▸ WORK INSTRUCTION
Retype all of the listing exactly, with no pictures.

▸ SOURCE MATERIAL
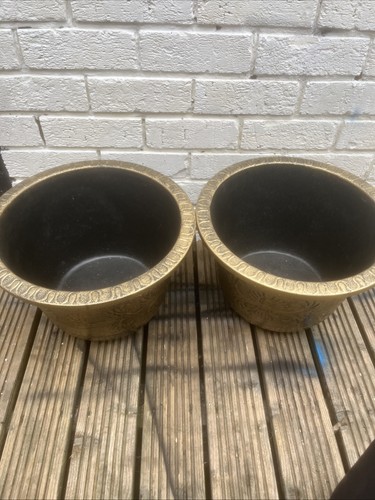 Big sized plastic plant - sized, pots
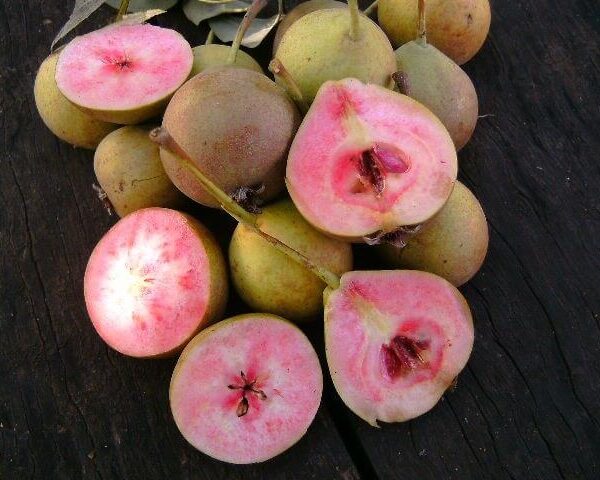 Pyrus communis 'Lubeničarka' (Hruška)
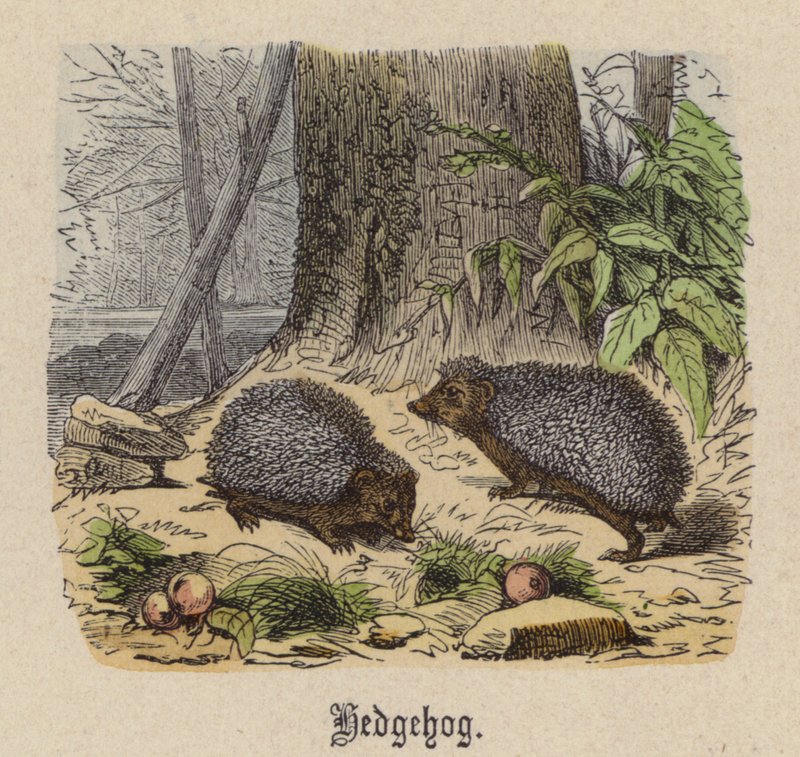 Hedgehog by Friedrich Specht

▸ REPLY TO THE TASK
 Big sized plastic plant - sized, pots
 Pyrus communis 'Lubeničarka' (Hruška)
 Hedgehog by Friedrich Specht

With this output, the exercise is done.